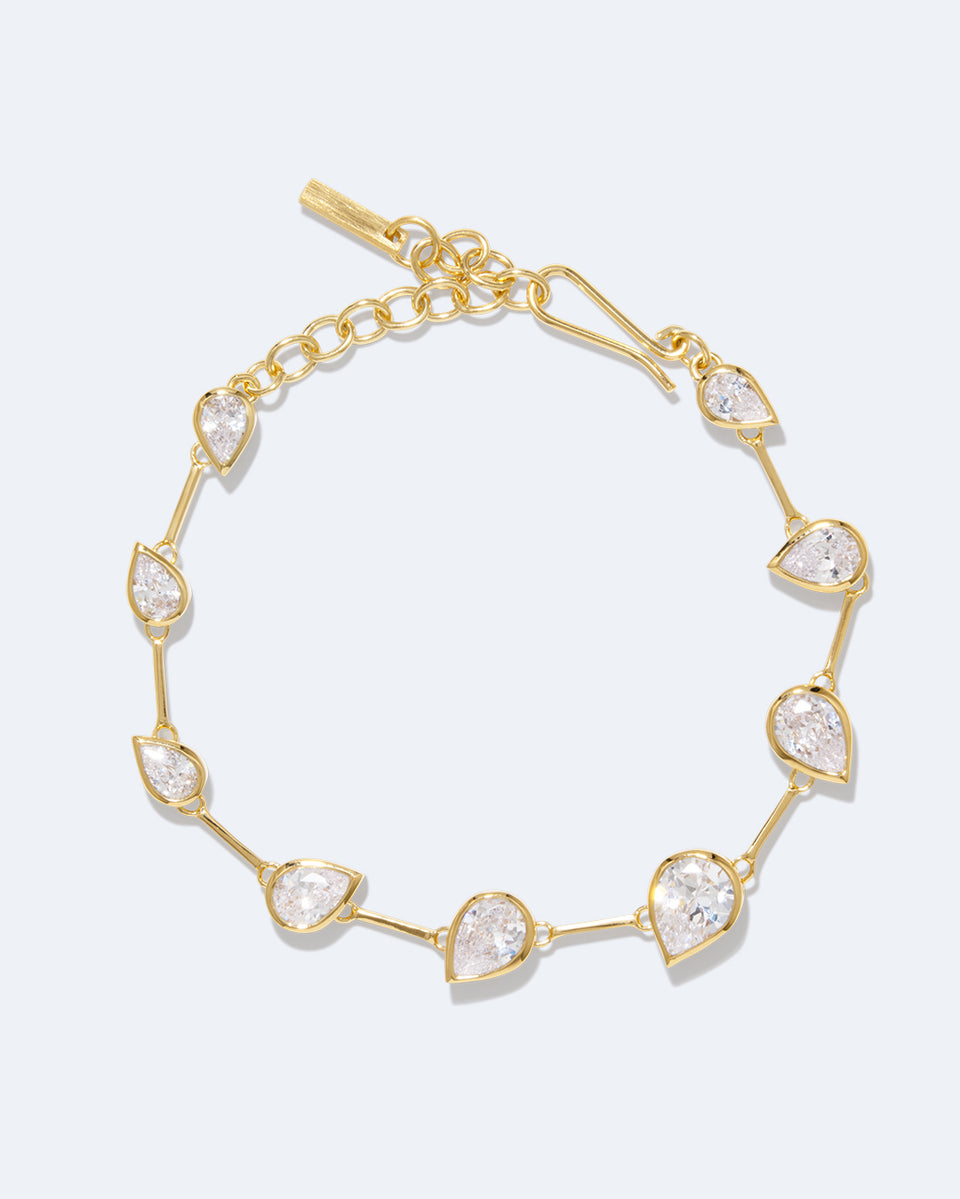 Myriad - Bracelet en vermeil or recyclé et oxyde de zirconium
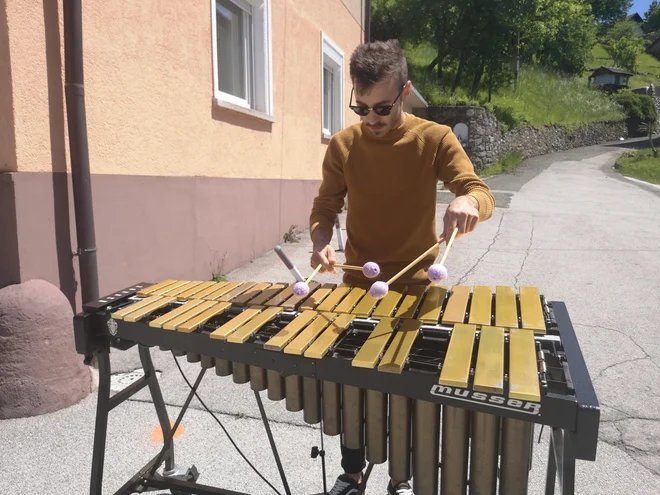 Vid Jamnik je prepoznavni vibrafonost mlajše generacije. FOTO: osebni arhiv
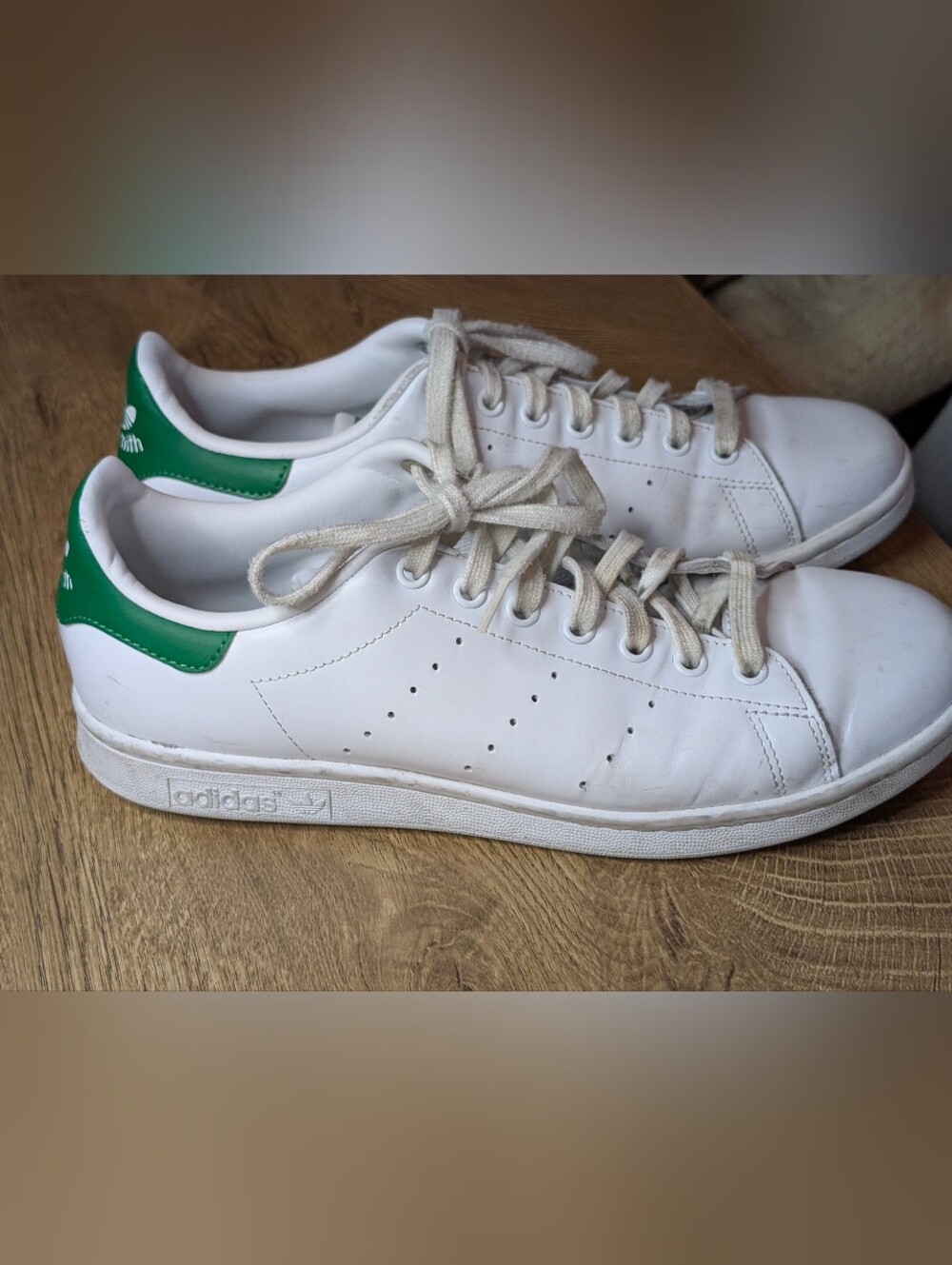 Stan Smith X Adidas Sneakers with Green Accent. Women's Size 10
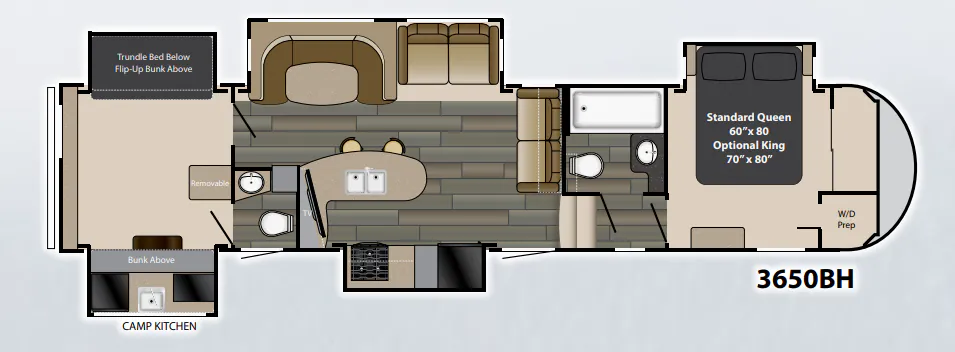 Heartland Gateway 3650BH floor plan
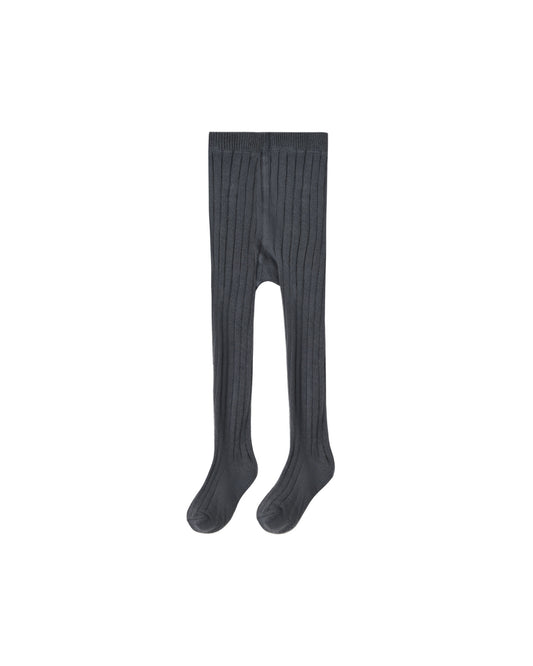 Ribbed Tights | Midnight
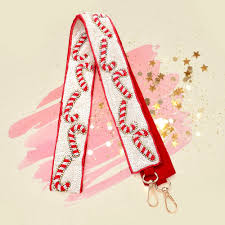 Candy Cane Beaded Purse Strap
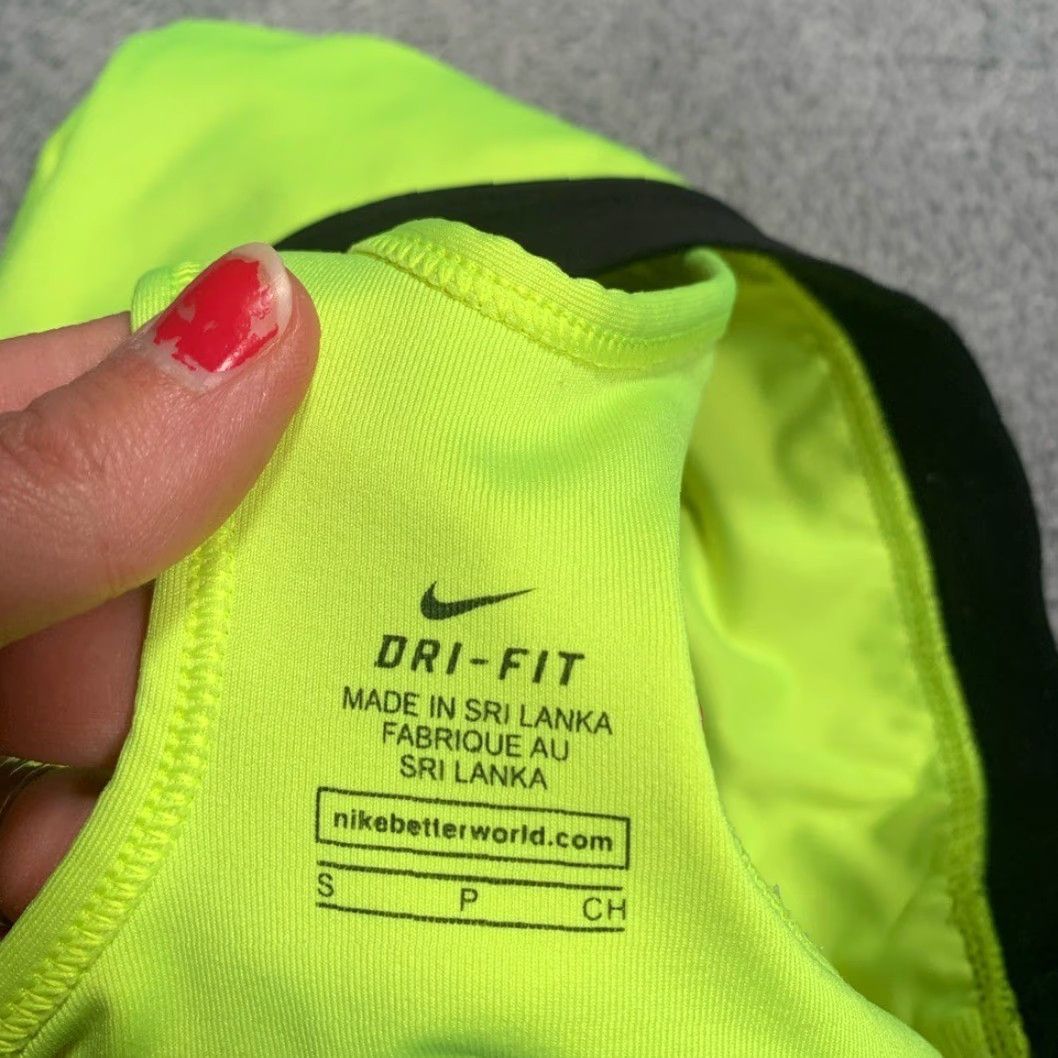 Nike Nike Pro Women’s Bright Yellow Sports Bra S Yellow Bra Women’s Nike Pro Sports Bra, Yellow, S Size ONE SIZE - 8 Thumbnail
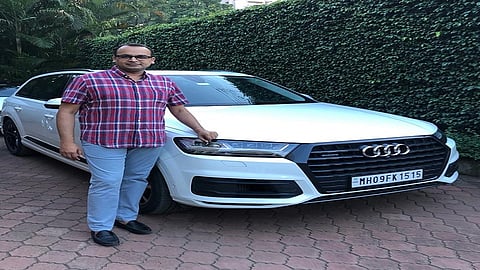 fancy car unique number 1515 of chordia family traveling sharad pawar at kolhapur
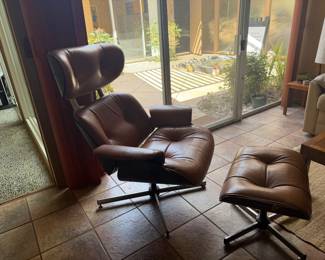 Vintage Plycraft chair & ottoman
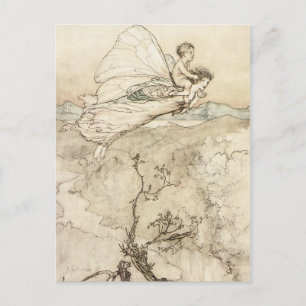 And Her Fairy Sen Postcard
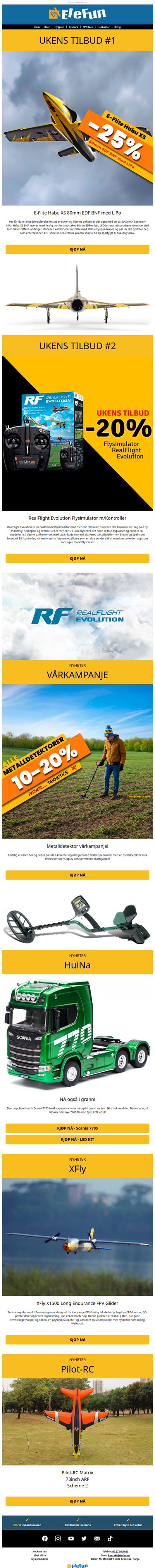 Habu -25% RealFlight -20% Metalldetektor -10%-20%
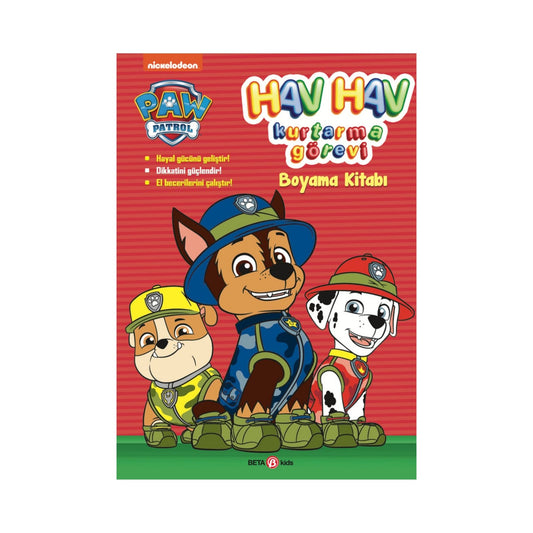 Beta Kids Paw Patrol Hav Hav Kurtarma Görevi Boyama Kitabı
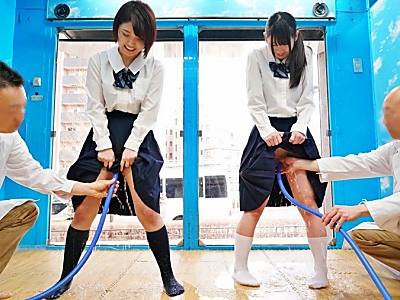 【ＭＭ号】女子校生のマンコを洗浄しちゃう！企画でマンコいじられたＪｋと挿入エッチ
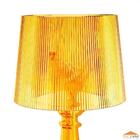 Abajur Luminária Polaris Bourgie Acrílico Laranja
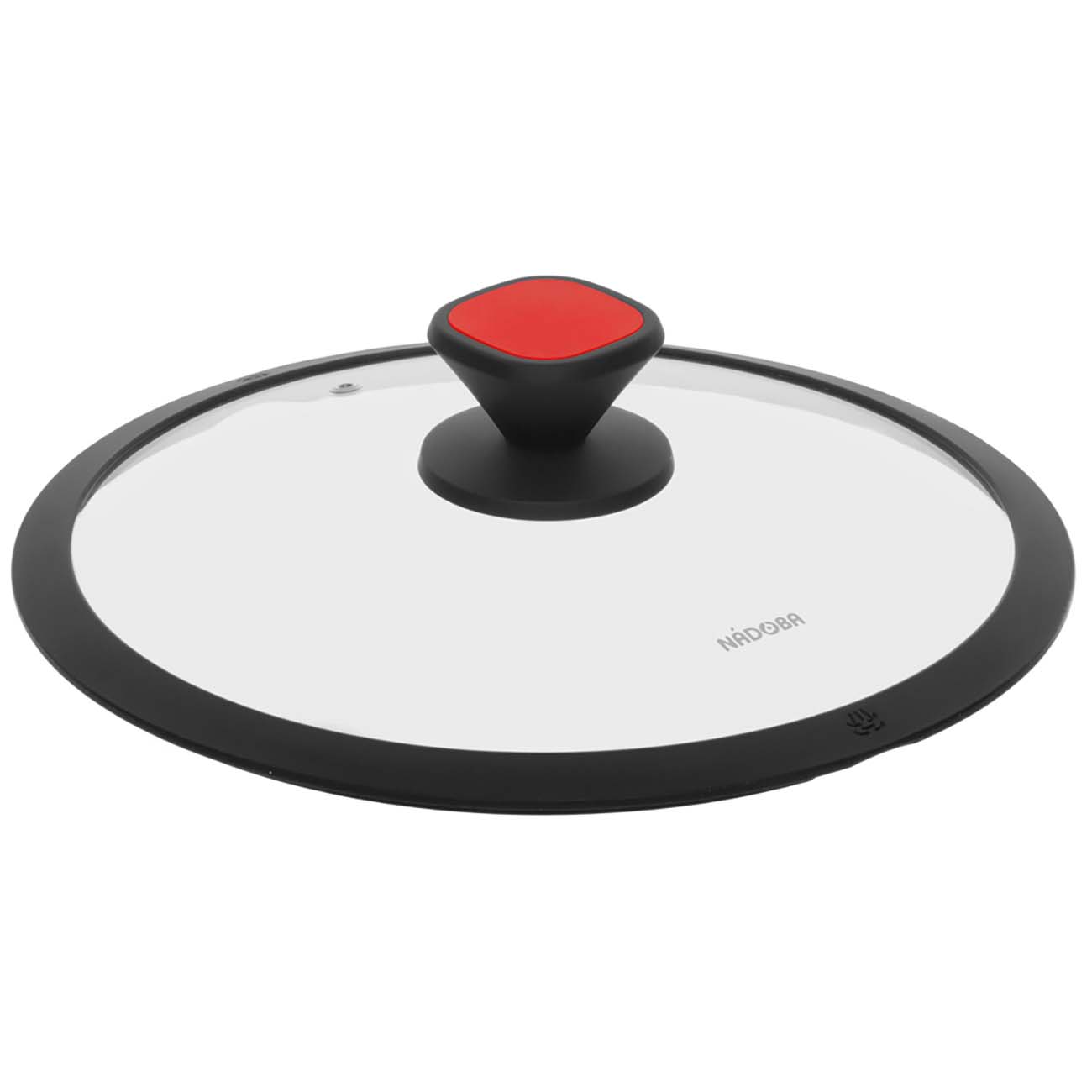 Крышка Nadoba Gusta 28см, стекло, силиконовый обод (751711)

++++++++

Write out the line that contains "Candy Cane Beaded Purse Strap" and every line after it to the end of the data, exactly as they stand. Omit the pictures.

 Candy Cane Beaded Purse Strap
 Nike Nike Pro Women’s Bright Yellow Sports Bra S Yellow Bra Women’s Nike Pro Sports Bra, Yellow, S Size ONE SIZE - 8 Thumbnail
 fancy car unique number 1515 of chordia family traveling sharad pawar at kolhapur
 Vintage Plycraft chair & ottoman
 And Her Fairy Sen Postcard
 Habu -25% RealFlight -20% Metalldetektor -10%-20%
 Beta Kids Paw Patrol Hav Hav Kurtarma Görevi Boyama Kitabı
 【ＭＭ号】女子校生のマンコを洗浄しちゃう！企画でマンコいじられたＪｋと挿入エッチ
 Abajur Luminária Polaris Bourgie Acrílico Laranja
 Крышка Nadoba Gusta 28см, стекло, силиконовый обод (751711)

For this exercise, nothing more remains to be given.